What you have to do:
Could you restate the entries below word for word and leave the images out?

Brief descriptive captions

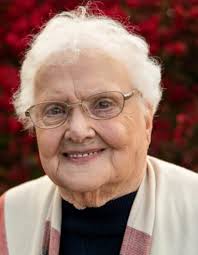 Obituary for Anna Mae (Miller) Benner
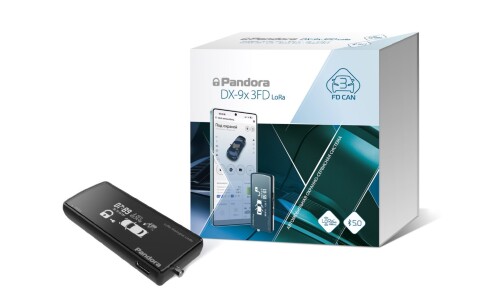 pandora-dx-9x-3fd-lora-dostupna-v-seti-prodazh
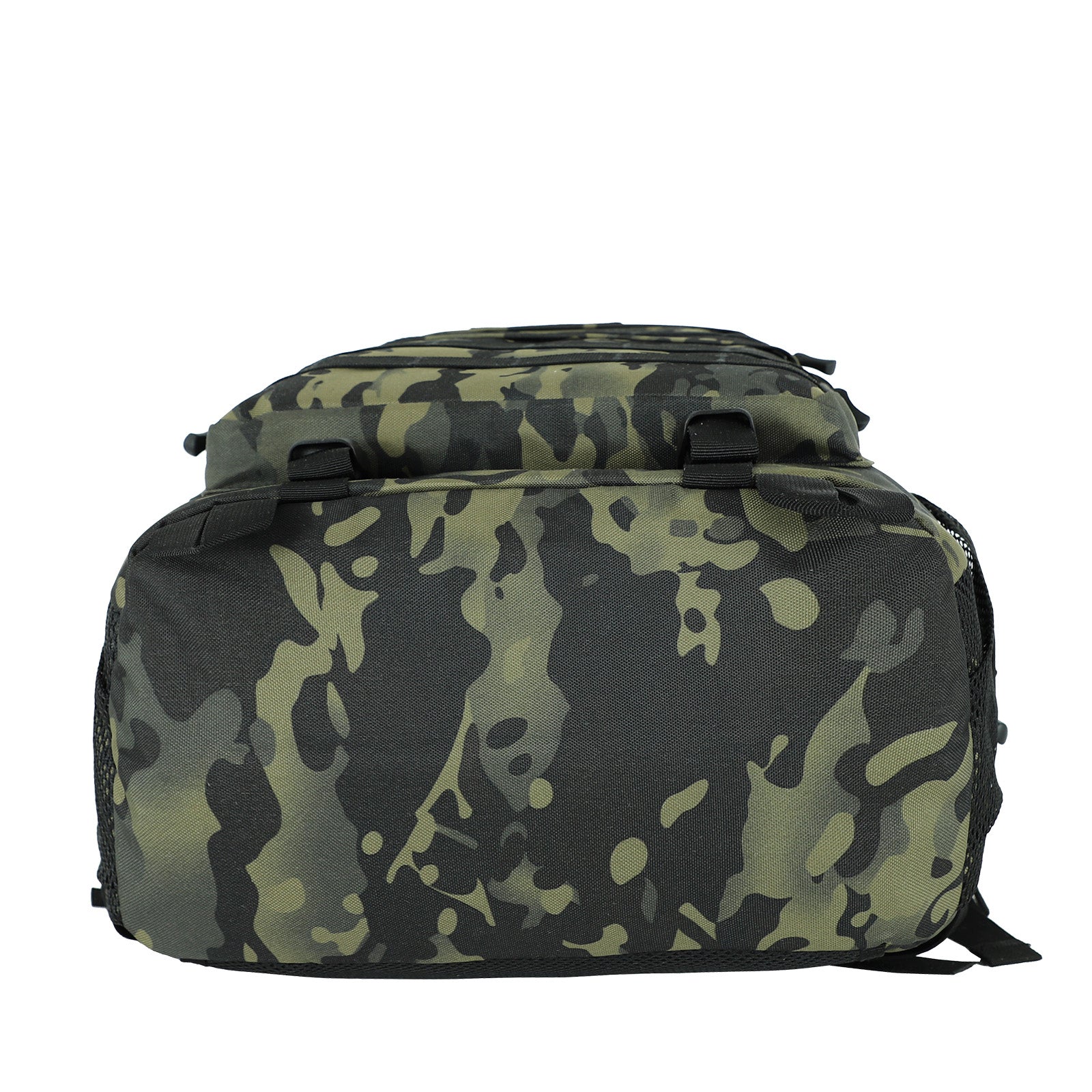 FALKENSTEJN Rucksack 35L woodland -  City-Kaufhaus Herber GmbH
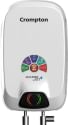 Crompton Rapidjet Plus 3L Instant Water Geyser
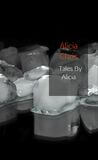 Tales By Alicia (e-book)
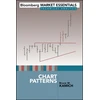 KNYGA Bruce M Kamich Chart Patterns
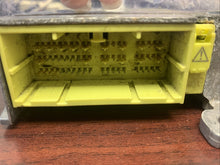 Load image into Gallery viewer, TOYOTA CAMRY AIRBAG CONTROL MODULE P/N 8917006650 (P)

Task result:
 Obituary for Anna Mae (Miller) Benner
 pandora-dx-9x-3fd-lora-dostupna-v-seti-prodazh
 FALKENSTEJN Rucksack 35L woodland -  City-Kaufhaus Herber GmbH
 Crompton Rapidjet Plus 3L Instant Water Geyser
 Tales By Alicia (e-book)
 KNYGA Bruce M Kamich Chart Patterns
 Load image into Gallery viewer, TOYOTA CAMRY AIRBAG CONTROL MODULE P/N 8917006650 (P)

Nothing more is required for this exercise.